Data Engineering with Python
Data engineering moves, transforms, and validates data so analysts and ML models can trust it. Python is the lingua franca of data pipelines — from cron scripts to enterprise orchestration with Airflow and Spark.
ETL vs ELT
| Approach | Flow | When to use |
|---|---|---|
| ETL | Extract → Transform → Load | Legacy warehouses, strict schemas |
| ELT | Extract → Load → Transform | Cloud warehouses (Snowflake, BigQuery) |
Modern cloud warehouses prefer ELT — load raw data first, transform with SQL (dbt) or Python in the warehouse.
Pipeline Architecture
Sources (APIs, DBs, files)
↓
Extract (Python scripts)
↓
Staging (S3 / GCS raw zone)
↓
Transform (pandas / Spark / SQL)
↓
Data Warehouse (Snowflake, BigQuery, Redshift)
↓
Analytics / ML / Dashboards
Extract: APIs and Databases
import requests
import pandas as pd
from sqlalchemy import create_engine
def extract_from_api(url: str, params: dict) -> pd.DataFrame:
response = requests.get(url, params=params, timeout=30)

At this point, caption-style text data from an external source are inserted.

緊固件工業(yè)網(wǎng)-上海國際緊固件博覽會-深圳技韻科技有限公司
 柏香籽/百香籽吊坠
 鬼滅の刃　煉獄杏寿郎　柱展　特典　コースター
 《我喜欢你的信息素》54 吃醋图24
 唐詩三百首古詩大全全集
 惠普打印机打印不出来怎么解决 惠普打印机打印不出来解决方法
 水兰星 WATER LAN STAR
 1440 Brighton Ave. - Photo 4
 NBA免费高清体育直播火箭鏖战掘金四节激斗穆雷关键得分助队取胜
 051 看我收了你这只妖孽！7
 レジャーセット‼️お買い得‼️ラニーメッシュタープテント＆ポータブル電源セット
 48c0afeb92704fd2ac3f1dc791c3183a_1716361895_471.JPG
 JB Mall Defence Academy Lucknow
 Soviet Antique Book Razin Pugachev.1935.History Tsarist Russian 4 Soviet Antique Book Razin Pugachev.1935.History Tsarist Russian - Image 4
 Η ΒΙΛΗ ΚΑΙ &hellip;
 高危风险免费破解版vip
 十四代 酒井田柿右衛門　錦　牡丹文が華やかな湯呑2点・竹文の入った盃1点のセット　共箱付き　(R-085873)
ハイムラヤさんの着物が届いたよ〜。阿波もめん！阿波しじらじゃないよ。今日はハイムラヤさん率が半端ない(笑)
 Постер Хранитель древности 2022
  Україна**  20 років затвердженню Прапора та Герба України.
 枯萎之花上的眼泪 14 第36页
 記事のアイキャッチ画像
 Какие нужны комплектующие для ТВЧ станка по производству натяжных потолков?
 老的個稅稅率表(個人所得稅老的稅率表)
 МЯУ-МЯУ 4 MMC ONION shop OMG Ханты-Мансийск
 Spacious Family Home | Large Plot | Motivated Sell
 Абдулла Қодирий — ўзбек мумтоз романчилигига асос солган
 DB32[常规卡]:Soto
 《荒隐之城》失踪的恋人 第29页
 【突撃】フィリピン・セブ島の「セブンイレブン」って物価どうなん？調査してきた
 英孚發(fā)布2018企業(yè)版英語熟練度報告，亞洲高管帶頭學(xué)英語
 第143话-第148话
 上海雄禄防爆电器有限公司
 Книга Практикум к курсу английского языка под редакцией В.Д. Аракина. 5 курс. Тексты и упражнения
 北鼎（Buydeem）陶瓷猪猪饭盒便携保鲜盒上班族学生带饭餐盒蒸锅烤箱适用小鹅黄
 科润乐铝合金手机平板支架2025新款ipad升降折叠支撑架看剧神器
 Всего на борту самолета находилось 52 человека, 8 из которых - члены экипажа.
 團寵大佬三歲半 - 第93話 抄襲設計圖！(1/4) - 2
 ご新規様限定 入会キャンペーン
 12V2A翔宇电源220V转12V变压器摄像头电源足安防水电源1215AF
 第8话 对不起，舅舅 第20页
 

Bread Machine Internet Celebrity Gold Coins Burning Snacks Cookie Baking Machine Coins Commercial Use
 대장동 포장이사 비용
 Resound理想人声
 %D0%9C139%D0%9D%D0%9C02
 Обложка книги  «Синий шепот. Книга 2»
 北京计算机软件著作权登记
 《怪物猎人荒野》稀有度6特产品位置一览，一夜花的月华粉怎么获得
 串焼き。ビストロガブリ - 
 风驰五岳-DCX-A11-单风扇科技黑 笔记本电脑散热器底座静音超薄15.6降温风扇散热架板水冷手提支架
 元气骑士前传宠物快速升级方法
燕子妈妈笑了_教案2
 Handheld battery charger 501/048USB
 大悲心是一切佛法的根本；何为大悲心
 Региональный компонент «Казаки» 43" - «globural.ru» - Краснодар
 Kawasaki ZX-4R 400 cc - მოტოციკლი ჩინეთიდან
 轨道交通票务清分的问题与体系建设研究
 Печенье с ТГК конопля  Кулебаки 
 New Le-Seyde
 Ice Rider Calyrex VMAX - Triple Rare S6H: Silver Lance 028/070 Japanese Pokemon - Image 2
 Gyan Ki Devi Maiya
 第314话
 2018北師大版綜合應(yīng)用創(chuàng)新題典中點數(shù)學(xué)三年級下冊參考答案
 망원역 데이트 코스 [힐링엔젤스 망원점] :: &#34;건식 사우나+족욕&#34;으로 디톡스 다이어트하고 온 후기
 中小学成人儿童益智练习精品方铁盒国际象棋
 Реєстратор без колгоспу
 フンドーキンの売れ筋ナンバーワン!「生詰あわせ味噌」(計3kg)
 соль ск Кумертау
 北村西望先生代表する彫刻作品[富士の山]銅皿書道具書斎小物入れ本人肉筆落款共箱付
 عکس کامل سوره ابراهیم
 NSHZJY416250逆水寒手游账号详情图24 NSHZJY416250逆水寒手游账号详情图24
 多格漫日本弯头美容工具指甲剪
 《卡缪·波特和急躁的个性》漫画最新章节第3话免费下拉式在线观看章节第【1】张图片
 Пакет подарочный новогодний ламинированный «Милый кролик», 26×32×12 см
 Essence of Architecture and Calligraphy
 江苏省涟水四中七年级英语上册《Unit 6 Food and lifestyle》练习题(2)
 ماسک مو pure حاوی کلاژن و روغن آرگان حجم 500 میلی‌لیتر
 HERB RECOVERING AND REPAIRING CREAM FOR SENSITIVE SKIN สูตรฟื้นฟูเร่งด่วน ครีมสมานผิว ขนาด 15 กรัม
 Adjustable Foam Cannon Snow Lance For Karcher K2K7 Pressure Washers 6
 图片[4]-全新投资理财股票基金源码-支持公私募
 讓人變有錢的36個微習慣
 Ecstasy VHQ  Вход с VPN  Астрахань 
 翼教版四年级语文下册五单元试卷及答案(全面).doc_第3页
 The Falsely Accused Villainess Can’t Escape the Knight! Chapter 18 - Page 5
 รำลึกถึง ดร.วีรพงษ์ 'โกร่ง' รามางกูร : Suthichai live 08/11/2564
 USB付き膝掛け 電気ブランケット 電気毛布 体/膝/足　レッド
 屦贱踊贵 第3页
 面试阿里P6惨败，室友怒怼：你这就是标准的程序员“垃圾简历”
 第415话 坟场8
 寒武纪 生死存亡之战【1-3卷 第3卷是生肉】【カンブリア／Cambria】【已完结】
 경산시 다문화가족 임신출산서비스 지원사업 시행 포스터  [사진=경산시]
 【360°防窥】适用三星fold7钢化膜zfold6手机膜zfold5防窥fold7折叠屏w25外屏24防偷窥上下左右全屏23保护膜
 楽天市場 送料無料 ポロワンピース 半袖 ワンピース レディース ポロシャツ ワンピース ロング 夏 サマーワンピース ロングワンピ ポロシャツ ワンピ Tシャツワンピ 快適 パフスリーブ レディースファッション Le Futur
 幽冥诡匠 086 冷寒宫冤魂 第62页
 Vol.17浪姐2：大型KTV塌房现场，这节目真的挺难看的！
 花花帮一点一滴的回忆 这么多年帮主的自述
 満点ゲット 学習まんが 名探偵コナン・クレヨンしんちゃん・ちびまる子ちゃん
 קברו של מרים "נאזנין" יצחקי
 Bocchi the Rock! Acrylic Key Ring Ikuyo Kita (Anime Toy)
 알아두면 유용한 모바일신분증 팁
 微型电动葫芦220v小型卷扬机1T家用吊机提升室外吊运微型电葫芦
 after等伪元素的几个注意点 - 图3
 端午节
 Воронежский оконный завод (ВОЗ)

response.raise_for_status()
return pd.DataFrame(response.json()["results"])
def extract_from_db(query: str, connection_string: str) -> pd.DataFrame:
engine = create_engine(connection_string)
return pd.read_sql(query, engine)
Use incremental extraction with watermarks:
last_sync = get_watermark("orders")
query = f"SELECT * FROM orders WHERE updated_at > '{last_sync}'"
df = extract_from_db(query, DB_URL)
save_watermark("orders", df["updated_at"].max())
Transform with pandas
def transform_orders(df: pd.DataFrame) -> pd.DataFrame:
df = df.copy()
df["order_date"] = pd.to_datetime(df["order_date"], utc=True)
df["total_usd"] = df["amount"] * df["exchange_rate"]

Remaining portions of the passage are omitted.